Hitit çöküşünden yaklaşık 600 yıl sonra Oluz Höyük’ün Frig Krallığı döneminde önemli bir dinsel merkez olmaya başladığına işaret eden en önemli yapı Kubaba Sunağı’dır (kurbangah). MÖ 600’lerde inşa edildiği anlaşılan sunak, yerleşmenin o dönemdeki en yüksek noktasında bulunur. Kubaba Sunağı, ana plan şeması olarak kareye yakın dikdörtgen biçiminde masif bir yapıdır. Sunak ve yakın çevresinde 2010 döneminden itibaren geliştirilen kazılarda, yapıyı işlevlendirmesine yardımcı olan taştan şekillendirilmiş Kubaba heykelciği parçası dışında, çok sayıda dinsel bulgu ortaya çıkarılmıştır. Bunlar içinde kamçılı kırbaçlara ait olduğunu düşündüğümüz delinmiş koyun parmak (phalanx) ve omur (astragalos) kemikleri dikkati çekmektedir.

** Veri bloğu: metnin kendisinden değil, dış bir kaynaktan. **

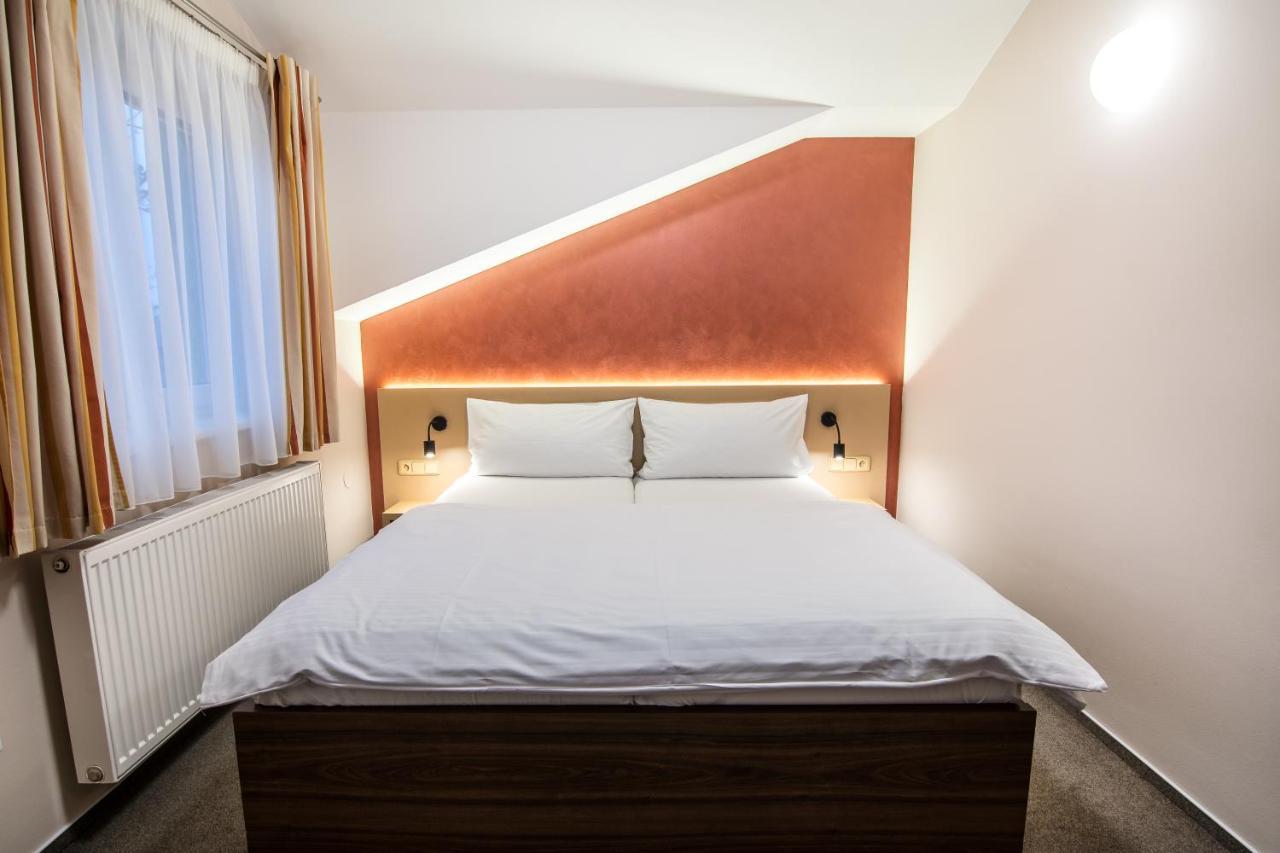 No 28 Rooms & Apartments Kutna Hora Bagian luar foto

Oluz Höyük 2023 dönemi çalışmaları sırasında Kubaba Sunağı’nın doğusunda yapılan genişleme ve derinleşme çalışmaları sırasında kare biçimli yeni bir masif yapı ortaya çıkarıldı. Kubaba Sunağı ile aynı doğrultuda ve hizada inşa edilmiş olan kare yapının hemen kuzey bitişiğinde ise yuvarlak planlı bir ocak bulundu. Batı ve doğusundaki alanlarda yoğun bir biçimde kül depolama yerleri saptanan ocağın tabanı ve kenarlarının özenli biçimde kil ile sıvanmış olduğu gözlendi (Bunlara ek olarak, kare biçimli yapının güneydoğu köşesine, yapıyla organik bağı olduğu anlaşılan dikdörtgen plan şemasına sahip bir taş platform inşa edilmiş olduğu anlaşıldı).

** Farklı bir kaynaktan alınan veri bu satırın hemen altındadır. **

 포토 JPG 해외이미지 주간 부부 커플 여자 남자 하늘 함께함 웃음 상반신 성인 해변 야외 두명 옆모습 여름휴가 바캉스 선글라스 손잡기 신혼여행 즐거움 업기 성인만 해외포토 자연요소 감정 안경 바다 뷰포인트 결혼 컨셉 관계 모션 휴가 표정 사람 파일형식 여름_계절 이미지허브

2023 dönemi çalışmalarında saptanan kare biçimli yapının inşa tekniği, taş cinsleri, taş ve çamurdan oluşan yapı malzemeleri ile plan şeması Kubaba Sunağı ile büyük benzerlikler göstermektedir. Kubaba Sunağı’nı pozisyonlayarak aynı hizada inşa edilmiş olması da gözönüne alındığında, bu yapının da bir sunak olduğu düşünülebilir. Her iki sunak arasındaki yakın benzerlikler, bunların aynı dönemde, yani MÖ 600 civarlarında birlikte inşa edilmiş olduklarına işaret etmektedir.

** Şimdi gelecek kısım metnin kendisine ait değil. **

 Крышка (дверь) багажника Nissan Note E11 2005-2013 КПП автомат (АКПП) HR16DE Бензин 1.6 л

Geç Frig kültürünün inanç sistemindeki Kubaba için yapılmış olduğu gözlenen bu iki sunağın ve kutsal alanın, MÖ 585’ten itibaren Anadolu’ya yayılmaya başlayan Magiler’le birlikte değişime uğramaya başladığı anlaşılmaktadır. Özellikle doğuda yer alan sunağın kuzeyine eklenen “Kutsal Ateş Ocağı” ile güneydoğusuna inşa edilen taş platform bu değişimin arkeolojik kanıtlarıdır. Bu müdahalelerle Kubaba için inşa edilmiş kare biçimli kutsal bir yapıya “Ateş Kültü” ile ilgili işlevler yüklenmiş olduğu gözlenmektedir.
Güneydoğudaki platform ise çok büyük olasılıkla üzerinde ateş yanan bir yapı olarak tasarlanmıştı. Orijinal yüksekliği çok büyük olasılıkla 3 metreyi bulmuş olan platformun üzerinde yanan ateş, yerleşmede bir ateşgede olduğunu işaret etmek için kullanılıyordu. Mimari kalıntıların yanısıra saptanan tunç bir levha ile çanak-çömlek parçaları, Oluz Höyük’teki Med varlığının diğer arkeolojik kanıtlarını oluşturmaktadır.